LeetCode | 0123. Best Time to Buy and Sell Stock III买卖股票的最佳时机 III【Python】
LeetCode 0123. Best Time to Buy and Sell Stock III买卖股票的最佳时机 III【Hard】【Python】【动态规划】
Problem
Say you have an array for which the ith element is the price of a given stock on day i.
Design an algorithm to find the maximum profit.
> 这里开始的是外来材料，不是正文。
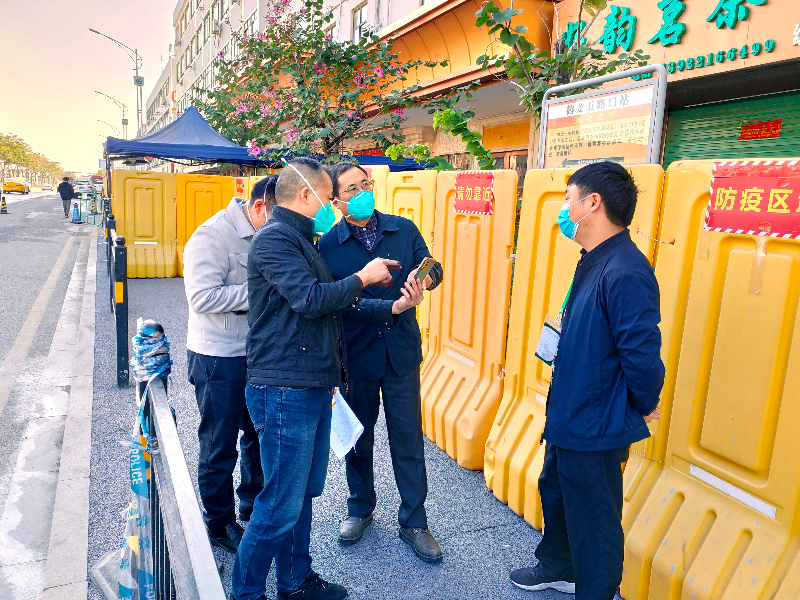 已编辑图片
You may complete at most two transactions.
Note: You may not engage in multiple transactions at the same time (i.e., you must sell the stock before you buy again).
Example 1:
Input: [3,3,5,0,0,3,1,4]
Output: 6
Explanation: Buy on day 4 (price = 0) and sell on day 6 (price = 3), profit = 3-0 = 3.
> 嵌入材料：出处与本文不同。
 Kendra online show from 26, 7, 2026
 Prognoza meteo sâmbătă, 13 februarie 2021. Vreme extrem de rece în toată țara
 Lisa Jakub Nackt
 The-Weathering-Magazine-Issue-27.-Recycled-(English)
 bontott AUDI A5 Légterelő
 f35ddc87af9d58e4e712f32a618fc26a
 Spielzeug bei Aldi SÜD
Then buy on day 7 (price = 1) and sell on day 8 (price = 4), profit = 4-1 = 3.
Example 2:
Input: [1,2,3,4,5]
Output: 4
Explanation: Buy on day 1 (price = 1) and sell on day 5 (price = 5), profit = 5-1 = 4.
Note that you cannot buy on day 1, buy on day 2 and sell them later, as you are
engaging multiple transactions at the same time. You must sell before buying again.
Example 3:
Input: [7,6,4,3,1]
Output: 0
Explanation: In this case, no transaction is done, i.e. max profit = 0.
问题
给定一个数组,它的第 i 个元素是一支给定的股票在第 i 天的价格。
设计一个算法来计算你所能获取的最大利润。你最多可以完成 两笔 交易。
注意: 你不能同时参与多笔交易(你必须在再次购买前出售掉之前的股票)。
示例 1:
输入: [3,3,5,0,0,3,1,4]
输出: 6
解释: 在第 4 天(股票价格 = 0)的时候买入,在第 6 天(股票价格 = 3)的时候卖出,这笔交易所能获得利润 = 3-0 = 3 。
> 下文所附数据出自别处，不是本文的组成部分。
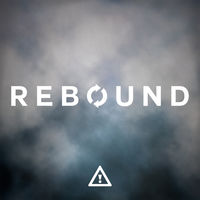 Haunted (Original Mix) ดาวน์โหลดริงโทนฟรี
随后,在第 7 天(股票价格 = 1)的时候买入,在第 8 天 (股票价格 = 4)的时候卖出,这笔交易所能获得利润 = 4-1 = 3 。
示例 2:
输入: [1,2,3,4,5]
输出: 4
解释: 在第 1 天(股票价格 = 1)的时候买入,在第 5 天 (股票价格 = 5)的时候卖出, 这笔交易所能获得利润 = 5-1 = 4 。
注意你不能在第 1 天和第 2 天接连购买股票,之后再将它们卖出。
因为这样属于同时参与了多笔交易,你必须在再次购买前出售掉之前的股票。
示例 3:
输入: [7,6,4,3,1]
输出: 0
解释: 在这个情况下, 没有交易完成, 所以最大利润为 0。
思路
动态规划
找到状态方程
dp[i][k][0] = max(dp[i-1][k][0], dp[i-1][k][1] + prices[i])
解释:昨天没有股票,昨天有股票今天卖出
dp[i][k][1] = max(dp[i-1][k][1], dp[i-1][k][0] - prices[i])
解释:昨天有股票,昨天没有股票今天买入
base case:
dp[-1][k][0] = dp[i][k][0] = 0
dp[-1][k][1] = dp[i][k][1] = -inf
k = 2
因为 k 为 2,所以要对 k 进行穷举。
dp[i][2][0] = max(dp[i-1][2][0], dp[i-1][2][1] + prices[i])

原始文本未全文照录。